We’ll use GCC 14.2 as it fully supports C++20 chrono and also std::print from C++23.
First Attempt: Basic Zone Iteration
C++20 introduced comprehensive time zone support through the <chrono> library. The implementation relies on the IANA Time Zone Database (also known as the “tz database” or “zoneinfo”), which is the de facto standard for time zone information used by most operating systems and programming languages.
The Time Zone Database
In C++20, the time zone database is represented by the tzdb class:
namespace std::chrono {
struct tzdb {
string version; // IANA time zone database version
vector<time_zone> zones; // Time zone container
vector<time_zone_link> links; // Alternative names
vector<leap_second> leap_seconds; // Leap second info
};
}
Essential aspects of the database:
- It’s read-only - users cannot construct or modify a
tzdb - Access is provided through two global functions:
get_tzdb(): Returns the current databaseget_tzdb_list(): Returns the list of available database versions
Here’s how to access the database:
#include <chrono>
#include <print>
#include <cassert>
int main() {
const auto& db = std::chrono::get_tzdb();
std::print("Current DB version: {}\n", db.version);
const auto& db_list = std::chrono::get_tzdb_list();
auto size = std::distance(db_list.begin(), db_list.end());
std::print("Available versions: {}\n", size);
assert(&db_list.front() == &db);
}
See at Compiler Explorer
The database provides several key components:
Zones (db.zones):
- Primary container of time zone information
- Each zone contains complete historical and current rules
- Examples: “America/New_York”, “Europe/London”
Links (db.links):
- Alternative names for existing zones
- Useful for backward compatibility
- Example: “EST” links to “America/New_York”
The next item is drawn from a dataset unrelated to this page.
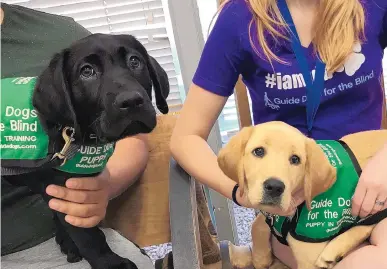  ?? COURTESY GAYLENE FASENKO VIA NMSU ?? New Mexico State University students in the NMSU Community Puppy Raisers club raised Shuttle, left, and Koi, right, training them in basic obedience and good behavior for about 14 months in preparatio­n for guide-dog school. The two dogs are now working as certified guide dogs.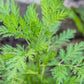 1000 SWEET WORMWOOD Artemisia Annua Sweet Annie Mugwort Sagewort Fragrant Herb Seeds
Leap Seconds (db.leap_seconds):
- Records of historical leap second adjustments
- Used for precise astronomical calculations
Let’s start with a simple approach to explore the zones:
#include <chrono>
#include <print>
int main() {
const auto& db = std::chrono::get_tzdb();
auto now = std::chrono::system_clock::now();
std::print("Time Zone Database Version: {}\n", db.version);
std::print("Number of zones: {}\n", db.zones.size());
std::print("Number of links: {}\n", db.links.size());
std::print("Number of leap seconds: {}\n\n", db.leap_seconds.size());
for (const auto& zone : db.zones) {
try {
auto info = zone.get_info(now);
std::print("{:<30} offset: {:>6}s abbrev: {:<6} ",
zone.name(),
info.offset.count(),
info.abbrev);
// Show if DST is active
if (info.save != std::chrono::minutes{0})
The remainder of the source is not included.